* Work to be completed: Copy the material below verbatim from the line with "Ippolita Sterling Silver" to the line with "SLOTH ASANA MASTER SAYING NAMASTE AND FUCKUP", both lines included, omitting pictures and every line outside that range.

* Extracted data:
------------------------------------

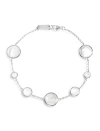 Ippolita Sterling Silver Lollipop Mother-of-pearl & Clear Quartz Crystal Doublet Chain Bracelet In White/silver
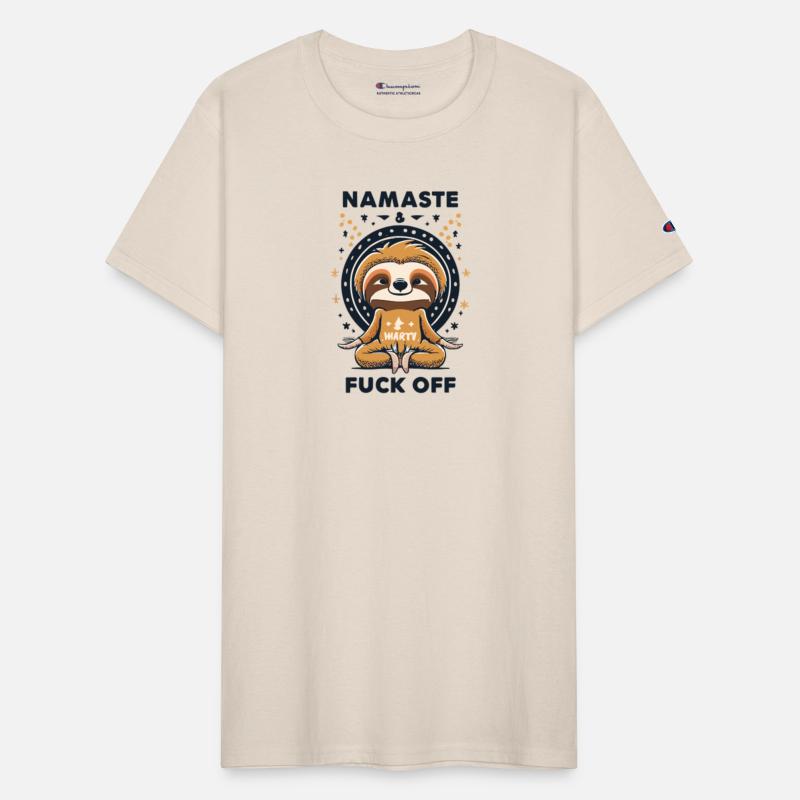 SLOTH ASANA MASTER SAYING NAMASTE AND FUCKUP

------------------------------------

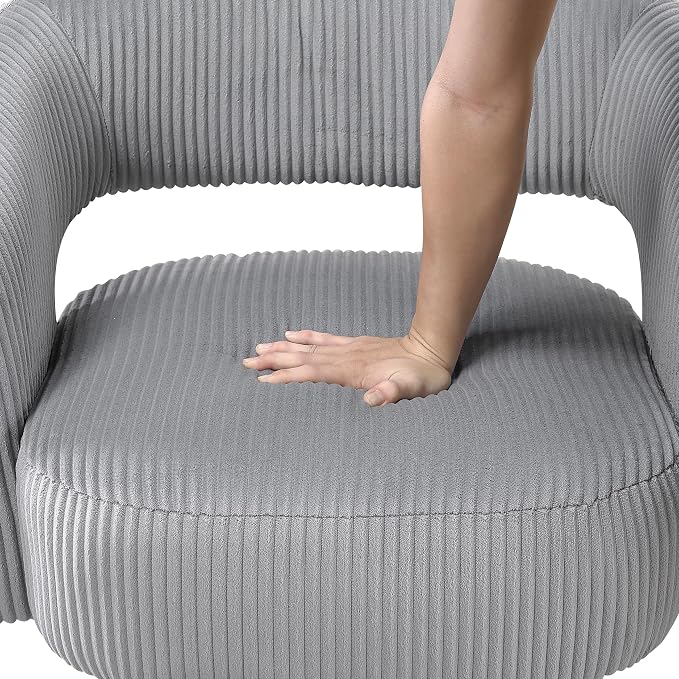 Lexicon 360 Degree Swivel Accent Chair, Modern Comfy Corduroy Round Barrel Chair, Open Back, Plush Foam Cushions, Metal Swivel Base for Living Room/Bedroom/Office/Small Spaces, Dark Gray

------------------------------------

* Your response:
 Ippolita Sterling Silver Lollipop Mother-of-pearl & Clear Quartz Crystal Doublet Chain Bracelet In White/silver
 SLOTH ASANA MASTER SAYING NAMASTE AND FUCKUP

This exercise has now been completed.